CBS. Il s’agit de tous les amours, pour les femmes, pour les enfants, pour Dieu. C’est une chanson qui parle de l’amour avec un grand A. C’est marrant parce que Michael a passé beaucoup de temps à enregistrer les chansons de cet album et beaucoup d’argent a été dépensé pour le faire. Mais cette chanson-là ne nous a pris que trois jours. On l’a écrite puis on l’a enregistrée. Michael a mis beaucoup de temps pour faire cet album, il n’en avait pas enregistré depuis quelques années et je crois qu’il était un petit peu perdu, il n’était pas au mieux de sa forme. Il avait beaucoup de problèmes, les procès, les gens qui l’entouraient.
MJB. A cette époque, vous avez également travaillé sur un morceau qui s’appelle I Have This Dream.
CBS. Oui, c’est une chanson que David Foster et moi avons écrite. Michael n’a jamais terminé l’enregistrement des voix. Plus tard, on l’a mise sur Internet dans le cadre d’un concours. On n’en possède malheureusement que le refrain. On devait la sortir mais ce n’est plus d’actualité… Pourtant, on ne sait jamais, peut-être qu’un jour quelqu’un aura l’idée de la sortir officiellement.
MJB. On a aussi entendu dire que la chanson pouvait avoir un titre différent : From The Bottom Of My Heart ? Est-ce vrai ou s’agit-il d’une autre chanson ?
CBS. Pas que je sache. Je ne sais pas d’où vous sortez toutes ces choses mais je ne connais pas ce titre. (rires)
MJB. Pendant les années entre Just Friends et We’ve Had Enough, êtes-vous restés en contact Michael et vous ?
CBS. Non. On était en contact et du jour au lendemain, c’était fini. Beaucoup de choses lui sont arrivées et il a quitté le pays pendant plusieurs années. Parfois, il arrivait qu’il m’appelle. J’étais toujours là pour l’écouter. C’étaient à peu près les seuls contacts qu’on avait. On s’est croisé à certaines occasions comme lors d’une fête d’anniversaire pour Elizabeth Taylor que j’avais organisée et où Michael était présent parce qu’il voulait toujours être présent pour elle.
MJB. Quel sera le souvenir que vous garderez de Michael ?

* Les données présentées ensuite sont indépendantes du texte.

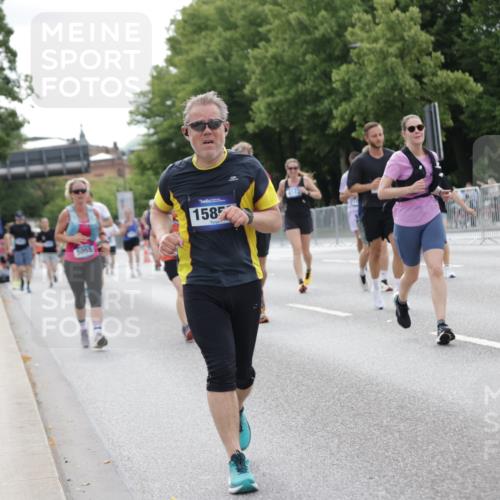 29.06.2025 - hella hamburg halbmarathon Jannik Wohlers http://msf.ph/oto/8184739 29.06.2025 10:23:26 Lombardsbrücke 1444, 1545, 2125, 2489, 4122, 4646, 4990, 5055, 5160, 5358, 5661, 6747, 8031, 8141, 8149, 8181, 8502, 8676, 8717, 9217, 9603, 9715, 10649, 11044, 11415, 11454, 11793, 13149, 14521, 15739, 15853, 16331, 17385, 17513, 18091, 18314, 18745, 18998, 19017 meine-sportfotos.de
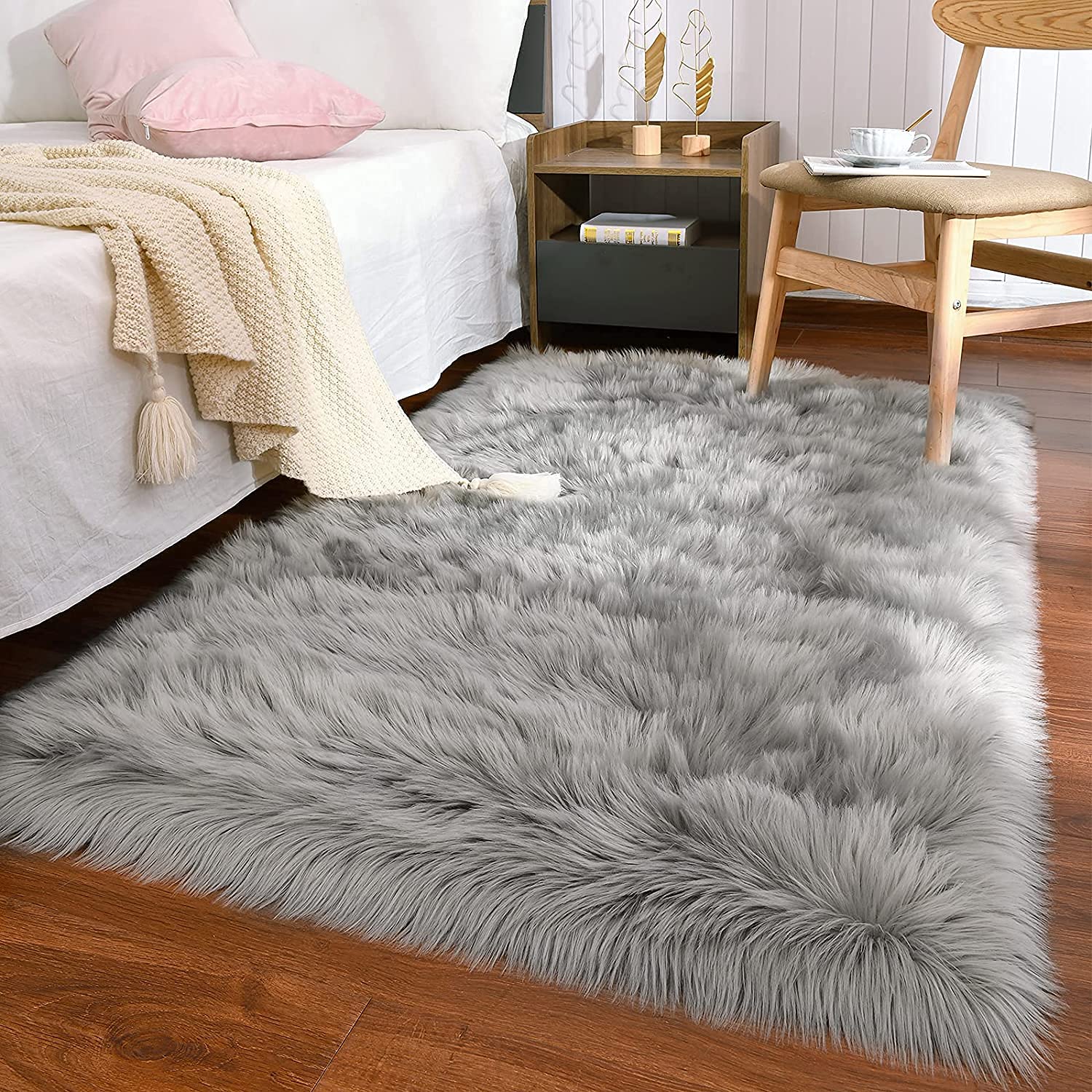 HLZDH Faux Lambskin Rug Luxurious Soft Artificial Wool Carpet for Living Room Bedroom Bathroom Sofa Chair Cushion (Rectangular Grey, 120 X 75 CM)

CBS. Je me souviendrai toujours de Michael comme d’une personne très gentille, douce, adorable, timide, brillante. Il était probablement l’un des plus grands chanteurs, compositeurs, performers de tous les temps dans l’univers de la pop music. Aucun ne l’a encore égalé et tout le monde le prend pour modèle mais ne peut danser comme lui. Il a mis la barre si haute ! Personne n’a fait plus impressionnant ! Je le verrai toujours comme un génie, mon ami et un être d’une gentillesse et d’une tendresse extrême mais aussi comme quelqu’un d’incompris, qui avait des problèmes notamment en raison de la mauvaise relation qu’il avait avec son père et du traitement qu’il avait reçu quand il était enfant.